R 在 2 个列表中的匹配元素上迭代一个函数

Question

So I'm trying to perform Kmeans clustering on each element(dataframe) in a list, from the outputs of the kmeans clustering, I took the "centers" that matches each data frame and bind all the centers into another list.

Next, what I want to do is to use the function get.knnx(), so I can use each centers generated by kmeans clustering and with that going back to the original data frame to sample 500 data points that are the closest to the centre, to achieve a good subsampling of the data. (The reason I did not use the kmeans cluster membership assigned is because the data to perform the kmeans is just a subsampling of the original dataset for training)

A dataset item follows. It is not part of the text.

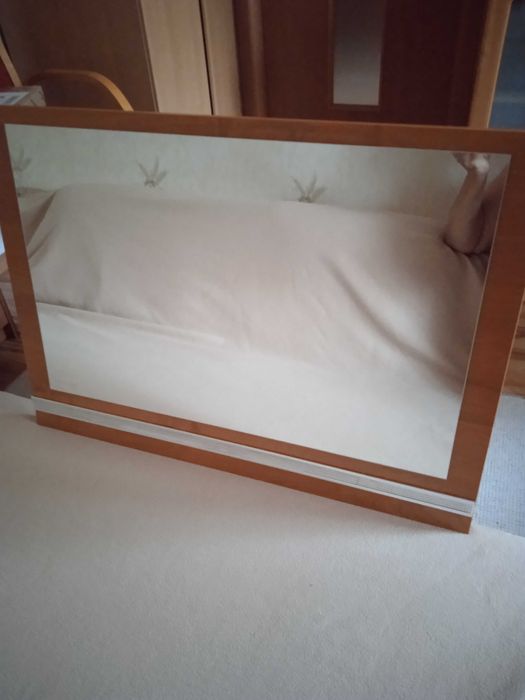 Lustro, lustro na płycie, lustro z ozdobną listwą, nowe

Each dataframe has the same structure: many rows of samples and 107 columns of variables, but the 1st and 2nd columns are just data labels such as the actual drug treatment.

Here is the link towards 2 sample data https://drive.google.com/drive/folders/1B8JQY94Z-BHTZEKlV4dvUDocmiyppBDa?usp=sharing

library(tidyverse)
library(purr)
#take data into list
mylist <- list(df1,df2,df3...)

#perform Kmeans cluster
#scale datainput and drop the data label column
Kmeans.list <- map(.x = mylist,
               .f = ~kmeans(scale(.x[,-c(1:2)]),
                            centers =15,
                            nstart=50,
                            iter.max = 100)) %>% 
                purrr::set_names(c("df1", "df2"))

#Isolate the Centers info to another list
 Kmeans_centers <- map(Kmeans.list, ~.x$centers)

#trying to use map2
y <- map2(.x = mylist,.y=Kmeans_centers,
     .f=~get.knnx(scale(.x[,-c(1:2)],.y, 500)))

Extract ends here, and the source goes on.